Which means, if you’re keeping score at home, Miller has faced 18 batters and struck out 12 of them. Or, to put it in more “Wait, the Giants are making history??” terms, I’ll leave you with this:
Shelby Miller of the @SFGiants is the only MLB pitcher in the modern era to have back-to-back outings with 5+ strikeouts in less than 3.0 innings with no walks or runs allowed.
— OptaSTATS (@OptaSTATS) September 29, 2022
Yep. Definitely had that on my bingo card.
John Brebbia was terrific as the opener. Sean Hjelle was strong as the bullpen-game long man. Tyler Rogers did his thing. Yunior Marte tried really hard to blow the lead in the ninth, but bit down on his mouthpiece and got through it, so we’ll ignore that.
Perhaps I’m riding the high of a meaningless good stretch of baseball, but I’m feeling fairly optimistic that the Giants can cobble together a good bullpen next year around some combination of Miller, Brebbia, Hjelle, Rogers, Camilo Doval, Scott Alexander, Cole Waites, Alex Young, Thomas Szapucki, R.J. Dabovich, Gregory Santos, and Chris Wright. And that’s before getting to the patented Farhan Zaidi bullpen dumpster dives.

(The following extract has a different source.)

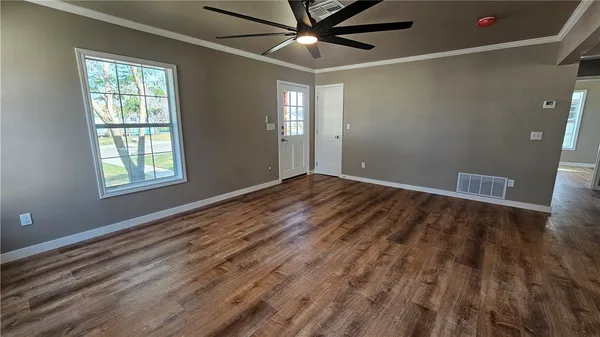 a view of an empty room with wooden floor and a window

There were other signs of life that you can cling to if you’re looking at next season. David Villar had a two-hit day. Brandon Crawford continues to put together excellent at-bats, hitting a single and getting Oracle’d on a deep opposite-field fly ball. Mike Yastrzemski is looking more comfortable these days. Aaron Judge hit his 61st homer of the year.
There was also the beauty of baseball being weird. For that we turn to Joc Pederson. Prior to this series starting, Pederson had hit exactly 10 triples in his career, in 1,011 games.

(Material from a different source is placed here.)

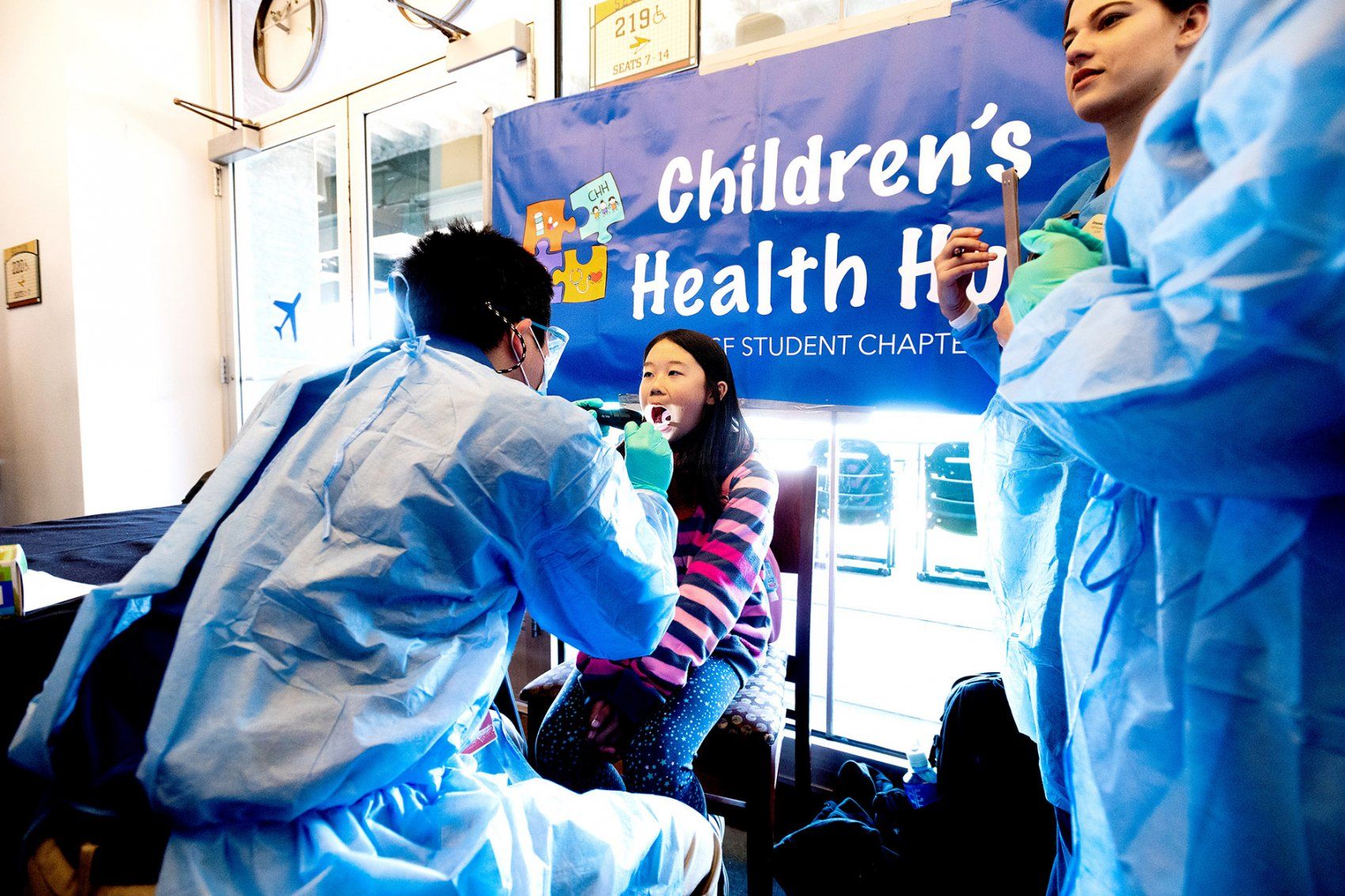 a girl gets a dental exam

And on Wednesday, for the second day in a row, Pederson hit a triple that allowed the great American muscle car that is Joey “HEMI” Bart to score from first base.
Joc Pederson Joey Bart
Speed demons pic.twitter.com/rLqrqRcqoT— SFGiants (@SFGiants) September 29, 2022
Catchers scoring from first is a top five event in baseball. I will not be taking questions on this at this time.
But while we were treated to an optimistic glimpse into the 2023 glass ball, we were also reminded that this was a late September game between two teams who will be watching the playoffs from their offseason homes.
The Giants scored their first runs on a hilarious sequence of events. They had three straight singles to open the first inning, which should have scored just one run. But the throw from the outfield went a little wide of the cutoff man, and the multiple Rockies players who should have been backing up the play decided to play Candy Crush instead, allowing the ball to float, untended to, into the Giants dugout. A second run was told to come home and, after a review, the runner at first was sent to third, where he would later score.
In the next half inning, the Giants gave back one of those three runs with a quartet of freebies. Hjelle walked a batter. Then he threw a wild pitch. Then he fielded a comebacker and tried to get the lead runner at third — the right play — but Villar, when left with the multiple-choice question of “Should I catch this ball that’s thrown directly at me?” circled “No.” On the very next pitch, Hjelle fielded another comebacker, turned to second, saw both Crawford and Ford Proctor, got confused, panicked, and threw the ball to Yastrzemski instead.
Those are things that happen, especially this time of year. But the bigger picture is that, before we dive into the depressing offseason obituaries and grand tales about how the Giants almost signed Judge and almost re-signed Carlos Rodón, we got to feel optimistic about the future of Giants baseball.
Perhaps I’m hanging perilously from a thread with this, but I don’t care. It’s a random night in late September, and this time next week Giants baseball will be ripped away from me in heartless fashion.
I’ll take what I can get.
New enjoy Hjelle celebrating the first win of his MLB career.
Sean Hjelle got showered with just about everything in the clubhouse after his first big league win pic.twitter.com/u64y9LYP2K
— SF Giants on NBCS (@NBCSGiants) September 29, 2022
I’d like to drink a beer with that guy.